=== WHAT YOU SHOULD DO ===
Starting at the top line, print the entries below exactly as they are and skip every picture.

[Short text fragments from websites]
- - -

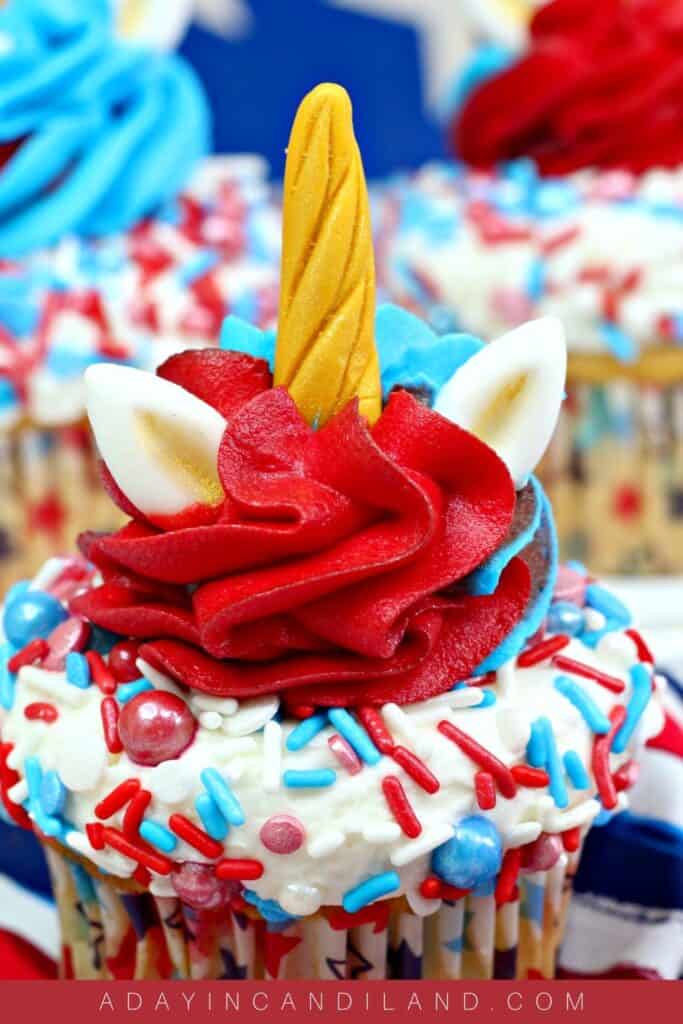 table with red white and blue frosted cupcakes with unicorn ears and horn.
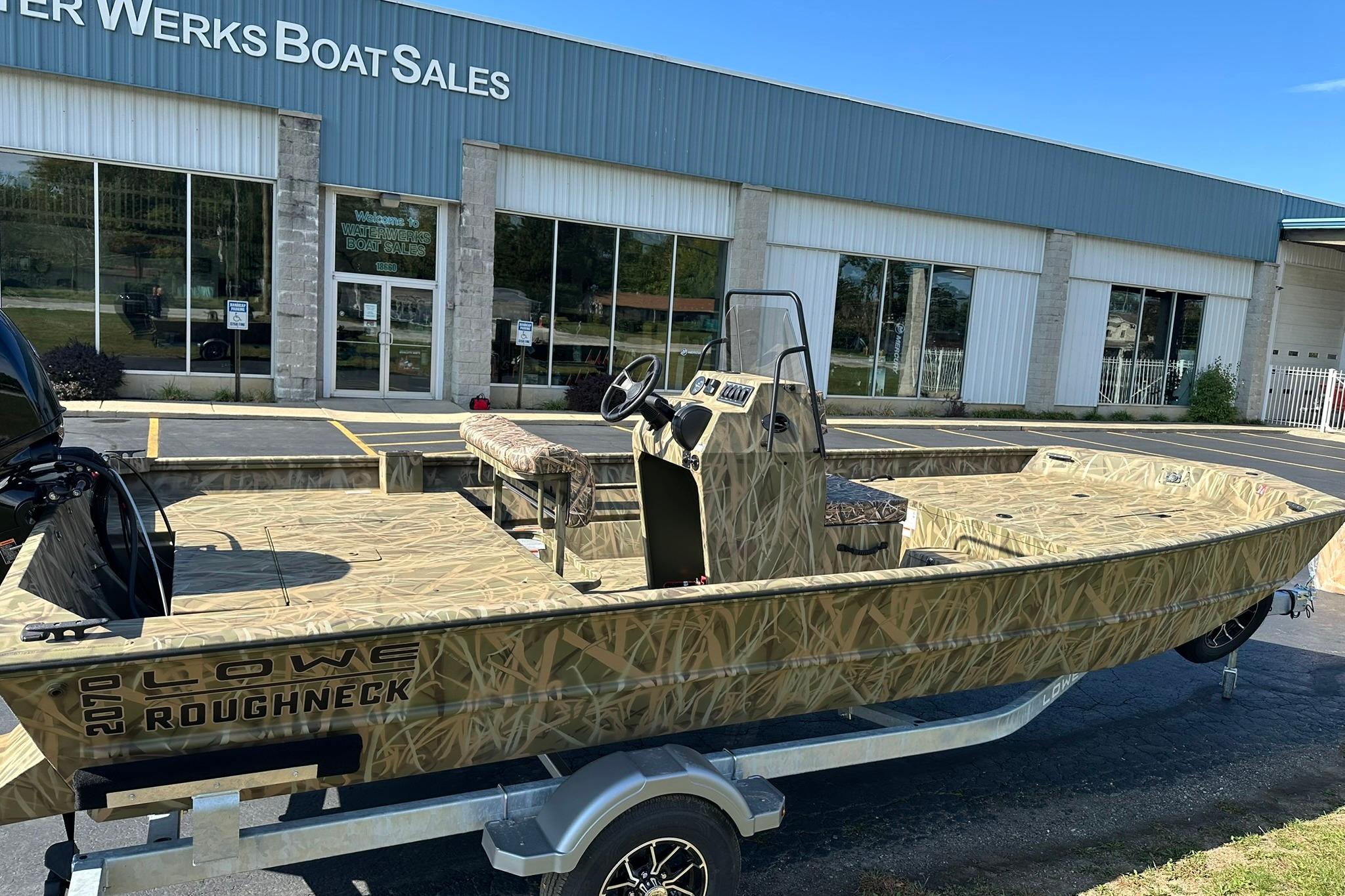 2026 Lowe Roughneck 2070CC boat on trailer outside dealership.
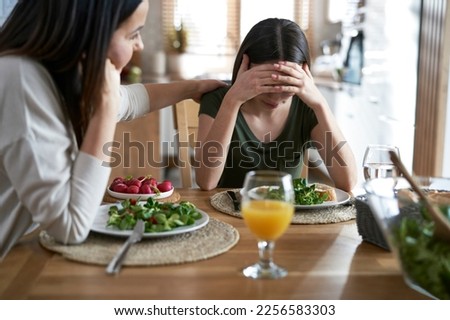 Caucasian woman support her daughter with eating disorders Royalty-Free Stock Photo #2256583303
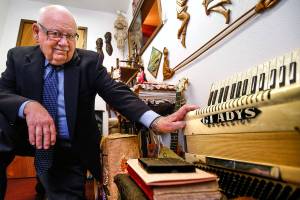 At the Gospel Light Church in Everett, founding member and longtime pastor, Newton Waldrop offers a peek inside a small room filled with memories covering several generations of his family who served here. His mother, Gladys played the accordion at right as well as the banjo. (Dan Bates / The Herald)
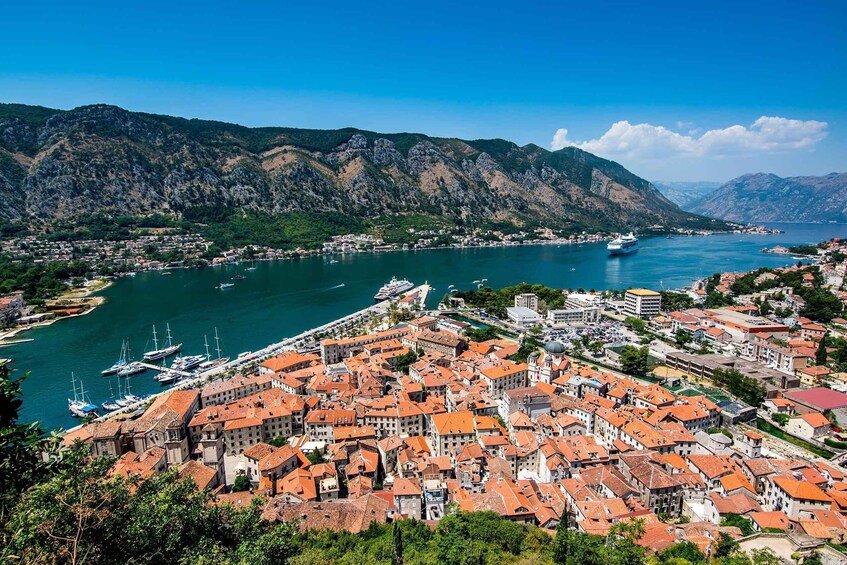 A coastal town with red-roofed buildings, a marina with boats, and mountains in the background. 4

- - -

=== SOLUTION FOR THIS TASK ===
 table with red white and blue frosted cupcakes with unicorn ears and horn.
 2026 Lowe Roughneck 2070CC boat on trailer outside dealership.
 Caucasian woman support her daughter with eating disorders Royalty-Free Stock Photo #2256583303
 At the Gospel Light Church in Everett, founding member and longtime pastor, Newton Waldrop offers a peek inside a small room filled with memories covering several generations of his family who served here. His mother, Gladys played the accordion at right as well as the banjo. (Dan Bates / The Herald)
 A coastal town with red-roofed buildings, a marina with boats, and mountains in the background. 4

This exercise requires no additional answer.